Heart failure patients in UK do not receive the long-term care they need
Management of people with heart failure in the UK has shortcomings in screening, continuity of care, and medication doses, which disproportionally impact women and older people, according to a study led by Nathalie Conrad and Kazem Rahimi of The George Institute for Global Health at the University of Oxford, UK, published May 21, 2019 in PLOS Medicine.
Management of people with heart failure in the UK has shortcomings in screening, continuity of care, and medication doses, which disproportionally impact women and older people, according to a study led by Nathalie Conrad and Kazem Rahimi of The George Institute for Global Health at the University of Oxford, UK, published May 21 in PLOS Medicine. Findings suggest that screening and follow-up are sub-optimal, and these problems could be due, at least in part, to poor record-keeping in primary care and inadequate information exchange between hospitals and primary care.

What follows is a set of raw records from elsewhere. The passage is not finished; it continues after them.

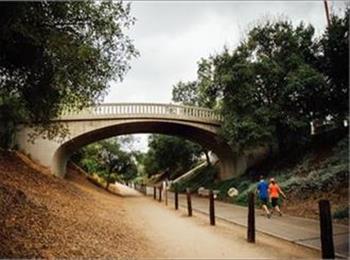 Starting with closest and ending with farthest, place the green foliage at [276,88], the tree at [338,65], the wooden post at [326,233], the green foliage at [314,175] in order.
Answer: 1. the wooden post at [326,233]
2. the green foliage at [314,175]
3. the tree at [338,65]
4. the green foliage at [276,88]

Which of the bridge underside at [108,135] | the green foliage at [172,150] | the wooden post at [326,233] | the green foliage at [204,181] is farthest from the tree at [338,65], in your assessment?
the green foliage at [172,150]

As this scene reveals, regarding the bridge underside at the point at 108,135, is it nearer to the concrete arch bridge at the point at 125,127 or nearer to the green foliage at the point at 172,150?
the concrete arch bridge at the point at 125,127

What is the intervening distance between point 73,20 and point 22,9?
4.03 m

Heart failure is common—affecting about 2% of the population in high-income countries—and can lead to disability and death. Effective treatment usually involves a complex process of investigations, step-wise initiation of medicines, and dose-adjustments, which can sometimes be challenging to follow. In the past decade, the UK has introduced programs to evaluate and improve heart failure management in primary and secondary care, but patients' care trajectories across different healthcare settings have not been studied. In this retrospective study, Rahimi and colleagues used electronic health records from 93,074 people who were diagnosed with heart failure in the UK between 2002 and 2014 to investigate the medical care they received from diagnosis to 1 year later. The authors examined five indicators of care: (i) diagnosis setting (inpatient or outpatient), (ii) post-hospitalization follow-up in primary care, (iii) diagnostic investigations, (iv) prescription of essential drugs, and (v) drug treatment doses.
The study suggests that patients were more likely to be diagnosed with heart failure in hospital than by their general practitioner, received insufficient follow-up after hospital discharge, and were prescribed medications at insufficient doses. The average daily dose prescribed was below guideline recommendations (42% for ACE-I or ARB, 29% for beta-blockers in 2014) and remained largely unchanged beyond the first 30 days after diagnosis, despite guideline recommendations to regularly up-titrate doses. Rates of outpatient diagnoses and follow-up in primary care were low, and even declined over time (from 56% in 2002 to 36% in 2014, RR 0.64 [0.62, 0.67] and from 20% to 14%, RR 0.73 [0.65, 0.82], respectively). Gaps in care were more common in women, individuals older than 75 years, and to some extent in socioeconomically deprived individuals. The authors call for additional research to explore the reasons behind these disparities, saying that further improvements are likely to require broader approaches to health services design that support appropriate care at every level of the patient journey.
In an accompanying Perspective, Nicholas Mills and colleagues at the University of Edinburgh, UK, discuss the need for high-quality implementation science (the study of strategies to integrate and embed research advances into clinical practice) and large-scale analysis of routinely-collected healthcare data. They argue that real-time collation of healthcare data across primary and secondary care, and robust methodologies to evaluate changes in clinical practice and policy, are essential to successfully overcome these disparities and gaps in care. To ensure the highest standards of patient-centered care and best resource allocation, Mills and colleagues argue for a linked, anonymized healthcare informatics platform for sharing data between care settings that is granular enough to facilitate meaningful evaluation of current practice.